Farid est né en France. Mais dans sa banlieue de Montreuil, il est Algérien. Comme tous ceux qui habitent sa cité d'ailleurs. C'est l'une des belles contradictions des enfants d'immigrés. Étrangers dans leur pays de naissance, étrangers dans leur pays d'origine. Pas toujours facile de faire coexister ses multiples identités...

Donc, Farid (interprété par Tewfik Jallab) mène une vie française à peu près tranquille jusqu'au jour où son père, malade, lui demande de retourner au pays. La raison? La mairie de son village natal veut raser une partie du quartier pour permettre à une entreprise espagnole de réaliser un projet d'oléoduc.

Le jeune homme, qui n'a jamais mis les pieds en Algérie, s'en ira donc dans le village de son père pour tenter d'empêcher la Ville de détruire la maison familiale. Un voyage initiatique qui vire au désastre lorsqu'il se fait chiper ses papiers. Le Français bascule alors dans le camp des clandestins...

La Presse s'est entretenue avec Mohamed Hamidi, ex-professeur d'économie et guitariste à ses heures, qui réalise ici son premier film, coproduit par Jamel Debbouze.

Q: En fait, si je comprends bien, ce sont les émeutes dans les cités parisiennes en 2005 qui vous ont inspiré ce film...

R: Pas directement, même si c'est en partie vrai, parce que c'est à ce moment-là que j'ai écrit pour le Bondy Blog, un blogue citoyen. Mais la véritable origine du film, c'est que l'été précédant les émeutes, j'ai fait un voyage en Algérie, où je n'avais pas été depuis 21 ans. C'est là que j'ai commencé à écrire Né quelque part. Dans le village où mes parents sont nés.

Q: C'est donc un film largement autobiographique?

R: Exactement. Je suis né en France de parents algériens. Les événements particuliers ne me sont pas tous arrivés. Je ne me suis pas fait voler mes papiers comme dans le film, mais le retour aux origines, le rapport à ses parents, à l'identité, la réalité des clandestins, ça m'est venu de mon voyage. Je ne pensais pas faire un film au départ. Je voulais simplement écrire cette histoire et peut-être la publier.

Q: Qu'est-ce que vous avez retenu de votre retour au pays?

R: Ce que je retiens, c'est qu'on a des destins assez fragiles, qui sont parfois liés à des choses très aléatoires. Je ne savais pas précisément pourquoi mon père était venu en France. Surtout qu'une bonne partie de la famille est restée là-bas. Mais, comme dans le film, c'est mon oncle qui devait partir et pas mon père. Et j'ai un cousin qui a toujours voulu venir en France. La vérité, c'est que j'aurais dû naître en Algérie.
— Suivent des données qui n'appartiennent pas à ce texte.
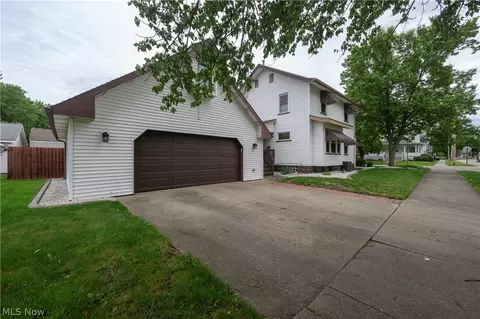 Exterior - 501 E 4th St, Dover, OH 44622 photo 2 of 5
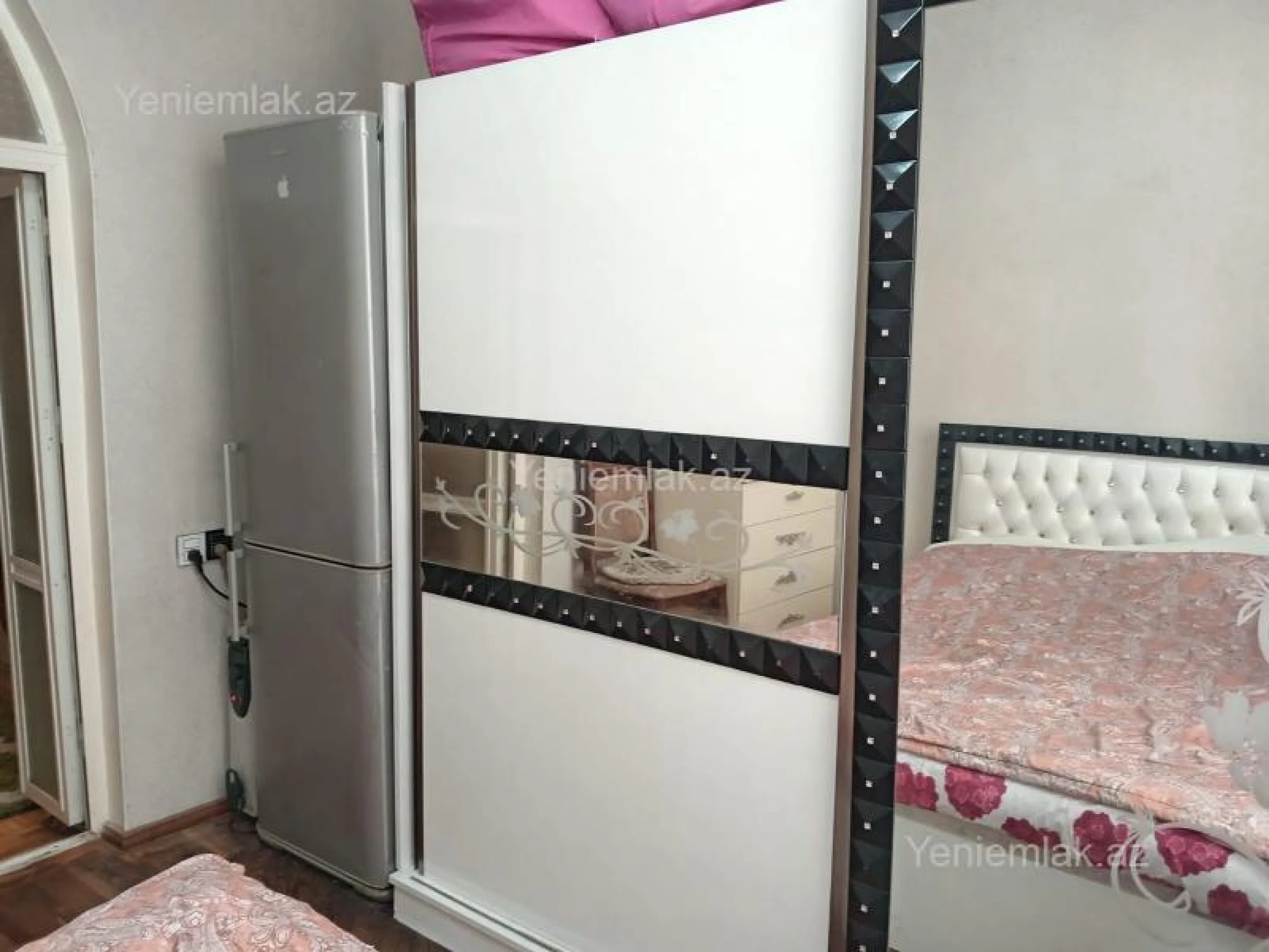 Satılır 3 otaqlı köhnə tikili 72 m²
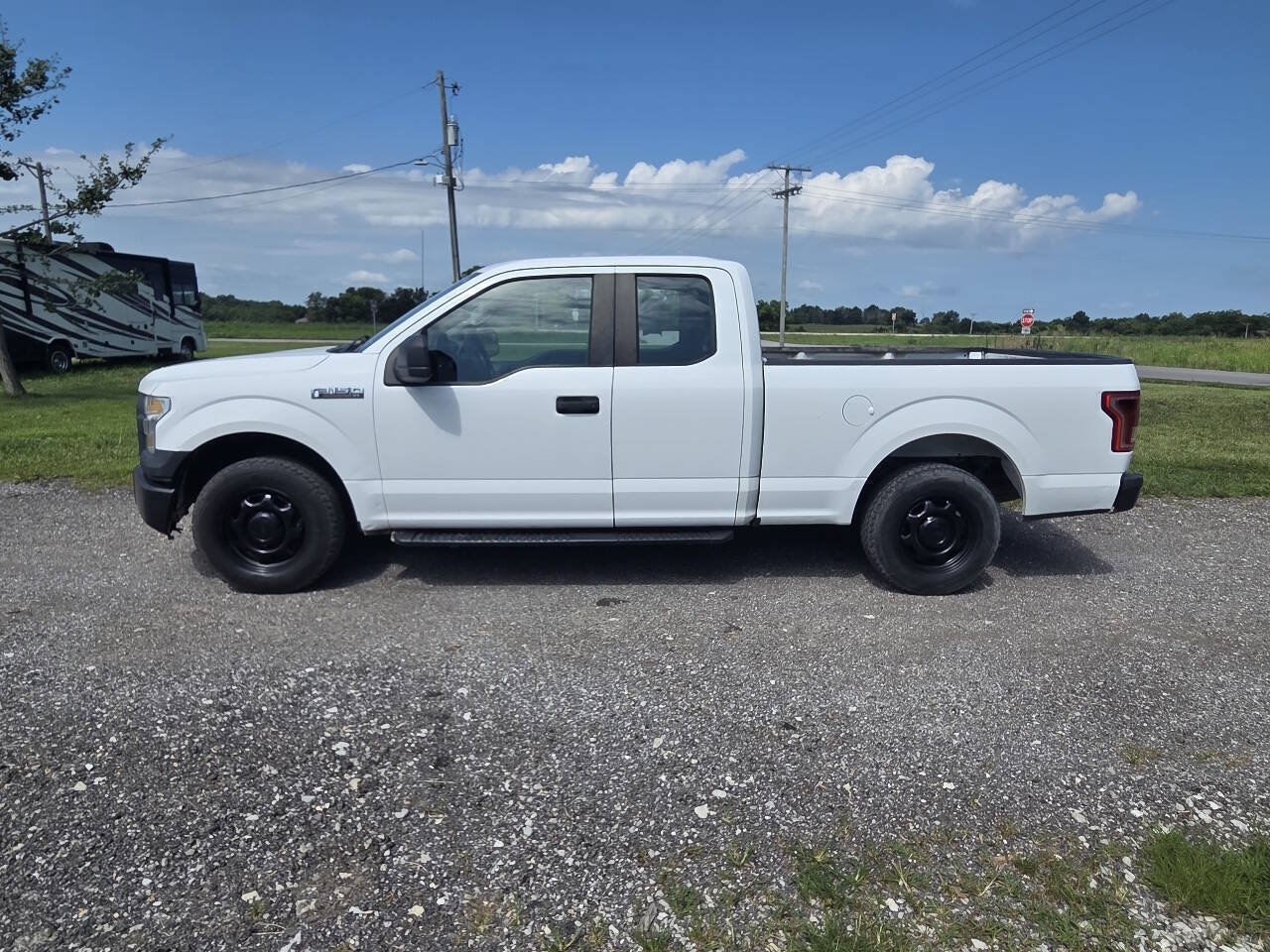 Used 2017 Ford F150 XL w/ Trailer Tow Package RWD image 2
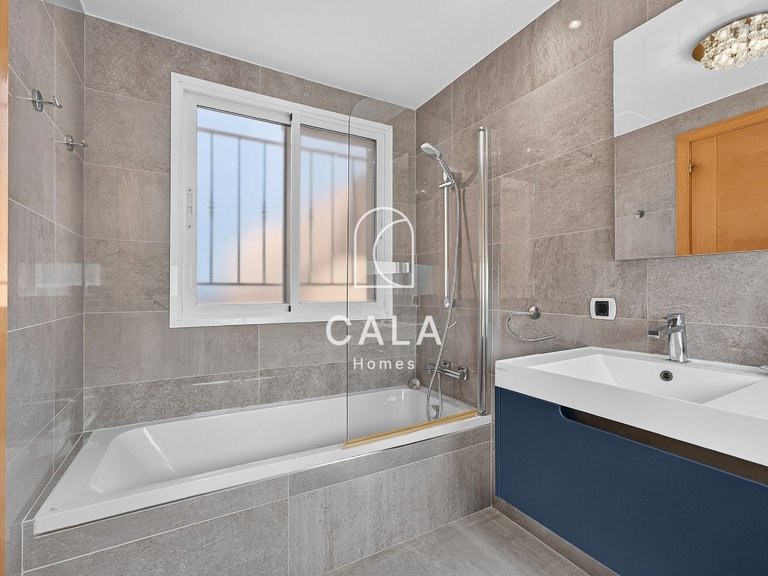 Villa for Sale in Costa Adeje, Tenerife 29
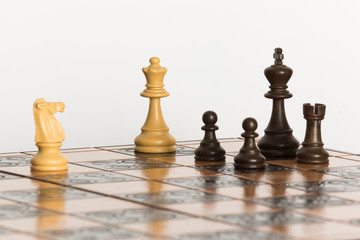 Scacchi fotografati su una scacchiera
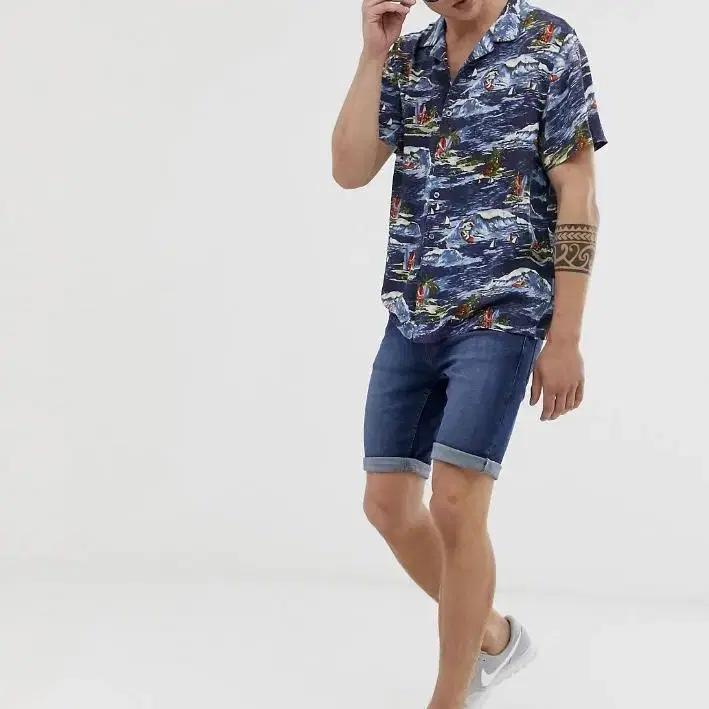 french connection surf print shirt M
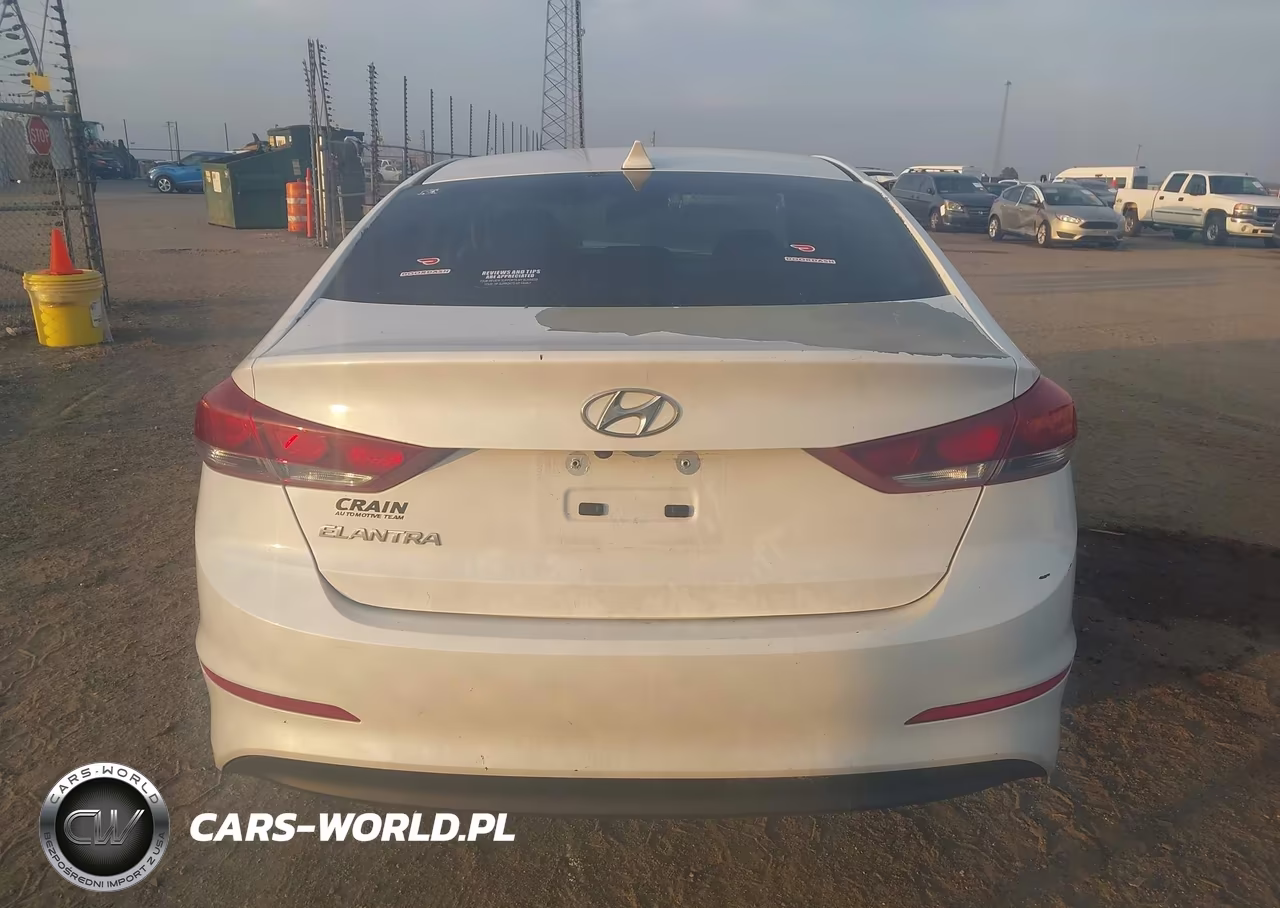 2018 Hyundai Elantra Sel VIN:5NPD84LF0JH339914 - 16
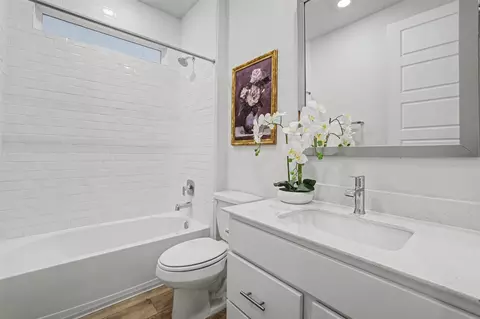 Bath - 421 Abruzzi St, Leander, TX 78641 photo 2 of 3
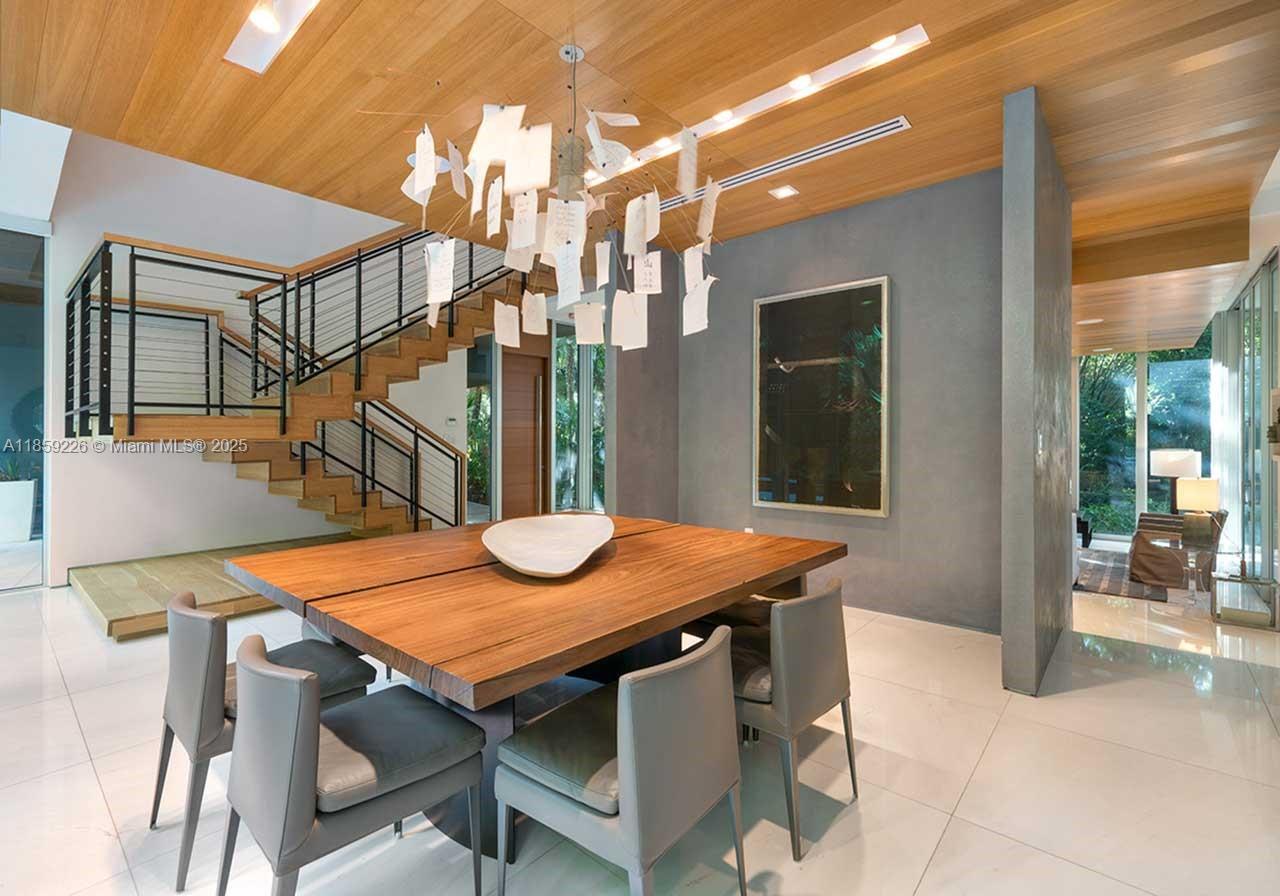 3503 Banyan Cir Coconut Grove, FL 33133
Q: Vous avez coécrit le scénario avec Alain-Michel Blanc (Va, vis et deviens). Quel a été son rôle?

R: Moi, j'ai écrit un récit de 90 pages, qui était notre base de travail. Mais comme je n'avais jamais écrit de scénario pour le cinéma, j'ai fait appel à Alain-Michel, qui m'a aidé à structurer cette histoire en séquences. On est allés en Algérie, dans mon village d'enfance (Nedroma), il a rencontré ma famille, on s'est imprégnés de tout ça, puis on a tourné le film au Maroc.

Q: Parlez-moi de Jamel Debbouze qui joue le rôle du cousin de Farid et qui coproduit le film. Comment l'avez-vous embarqué dans ce projet?

R: J'ai connu Jamel au Comédie Club où je composais la musique des spectacles. Il a lu mon récit de voyage et m'a ensuite demandé de mettre en scène ses spectacles. Là-bas et au Marrakech du rire. Quand j'ai décidé de faire un film, c'est naturellement que j'ai pensé à lui pour jouer le rôle du cousin. Il amène son jeu d'acteur et sa précision, il amène aussi de la visibilité. Faire son premier film avec Jamel Debbouze, ça aide!

Q: On dit qu'on ne sort jamais son premier film avant d'avoir écrit le second. C'est votre cas?

R: Oui, c'est mon cas! Je suis en train de terminer l'écriture d'un deuxième film qui s'appelle La vache. C'est l'histoire d'un paysan algérien qui traverse la France à pied avec une vache pour participer au Salon de l'agriculture. Ce sera une comédie avec un fond social et politique. Le personnage principal sera interprété par Fatsah Bouyahmed (celui qui répond au téléphone dans Né quelque part). On va tourner l'année prochaine. Jamel coproduira encore le film et jouera certainement dedans.